*Assignment*
Output word for word the lines from the one with "Guerlain GUERLAIN OMBRES" to the final line of the data, both ends included, but skip the pictures.

*Brief descriptive captions*
------------------------------

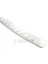 Seat Altea XL Krom Arka Tampon Eşiği 2007-2015 7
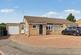 12 Arundel Close, Kings Sutton OX17 3QZ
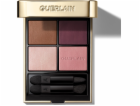 Guerlain GUERLAIN OMBRES G PALETTE EYESHADOWS PALETTE Maj...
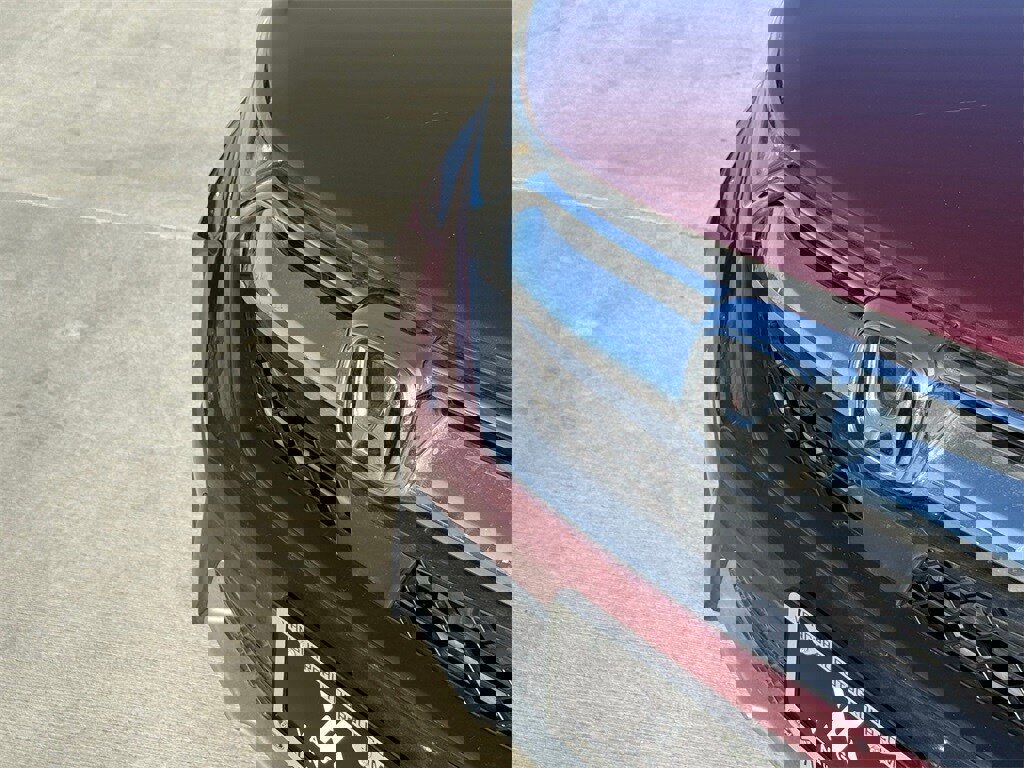 Used 2018 Honda CR-V EX-L image 4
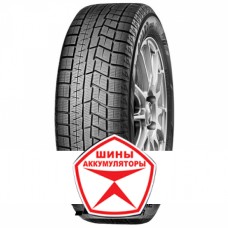 215/55R16 93Q Yokohama iceGuard iG60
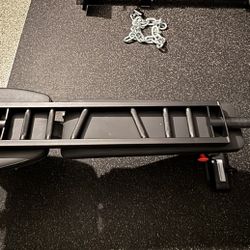 Multi grip Bar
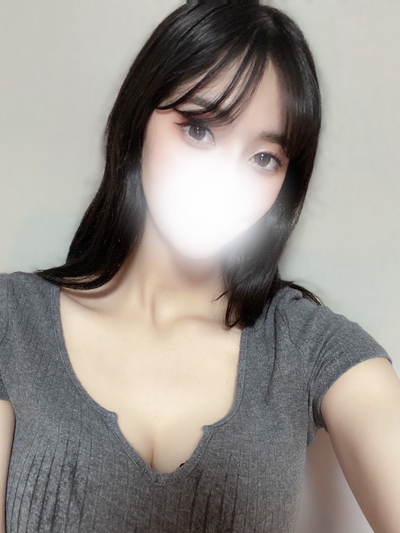 SECRET ROOM （シークレットルーム） みはなの口コミ体験談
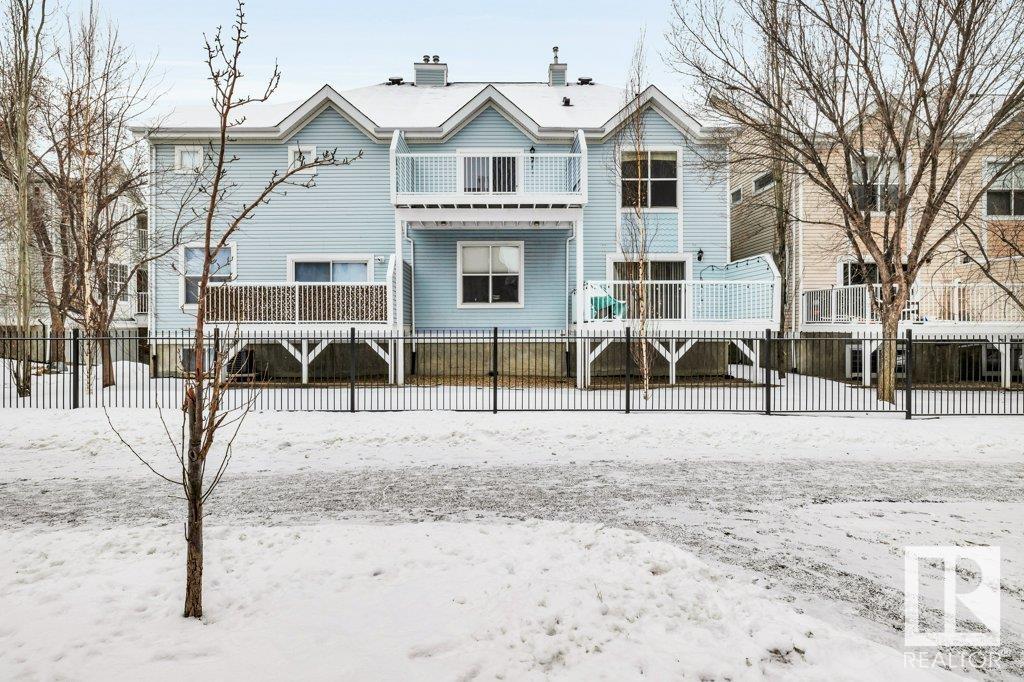      #27 10235 111 ST NW , Edmonton,  ,T5K 2V5 ;  Listing Number: MLS E4419936
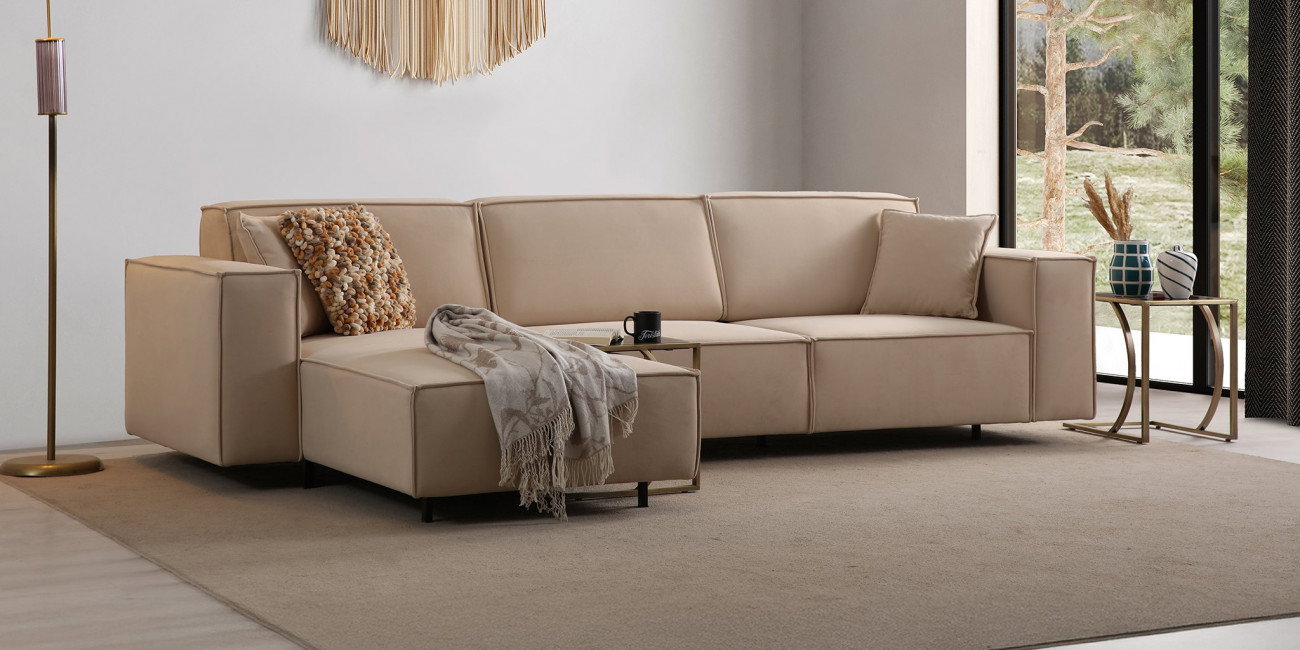Zen Relax Koltuk-2433-2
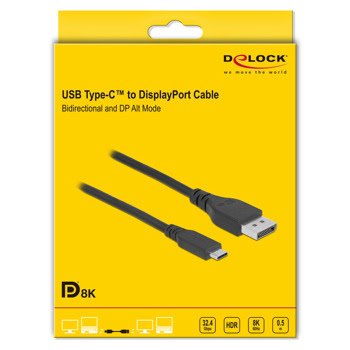 DeLock 86037
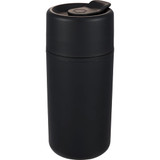 Custom Urban 16oz Recycled Tumbler
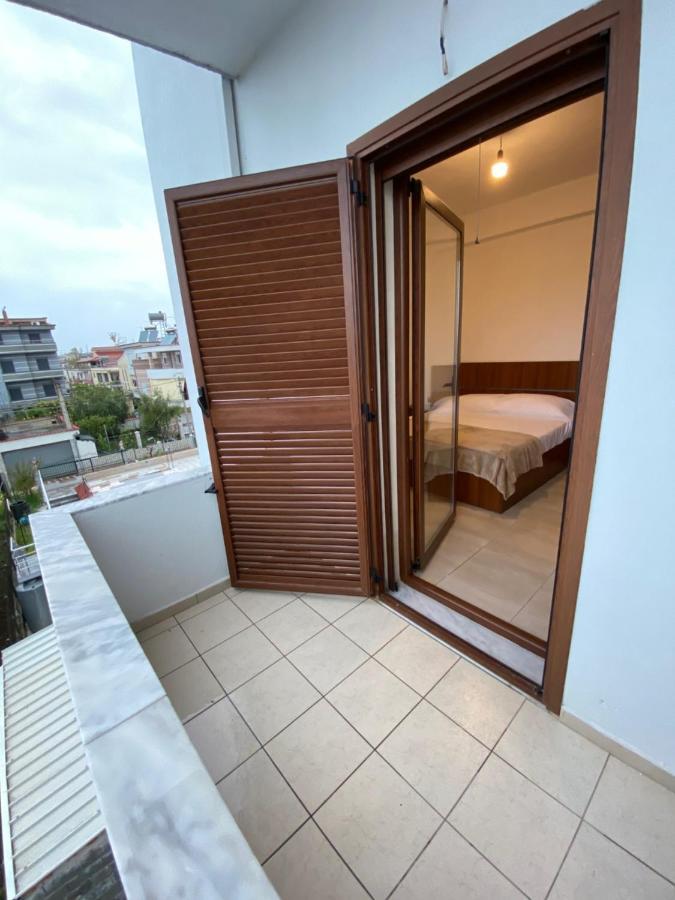 Apartment Bali *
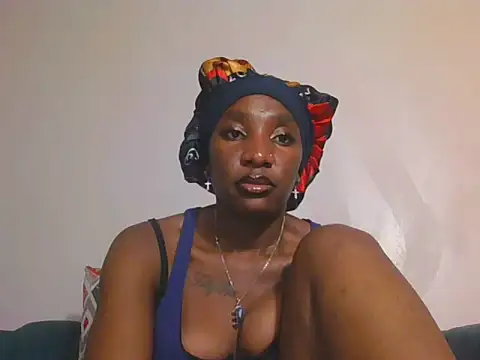 Hornycammy23 online show from 05-31-26, 05:59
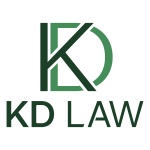 KD Law Group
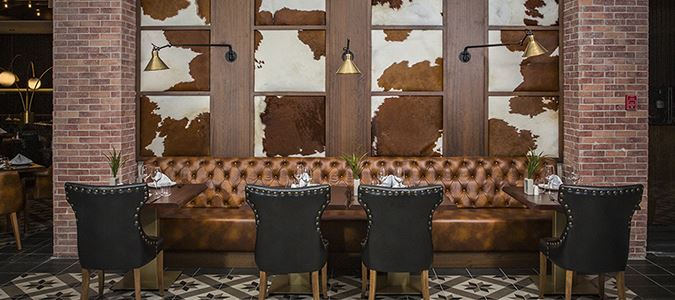 cunmepm_d04 cunmepm_d04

------------------------------

*Expected answer*
 Guerlain GUERLAIN OMBRES G PALETTE EYESHADOWS PALETTE Maj...
 Used 2018 Honda CR-V EX-L image 4
 215/55R16 93Q Yokohama iceGuard iG60
 Multi grip Bar
 SECRET ROOM （シークレットルーム） みはなの口コミ体験談
      #27 10235 111 ST NW , Edmonton,  ,T5K 2V5 ;  Listing Number: MLS E4419936
Zen Relax Koltuk-2433-2
 DeLock 86037
 Custom Urban 16oz Recycled Tumbler
 Apartment Bali *
 Hornycammy23 online show from 05-31-26, 05:59
 KD Law Group
 cunmepm_d04 cunmepm_d04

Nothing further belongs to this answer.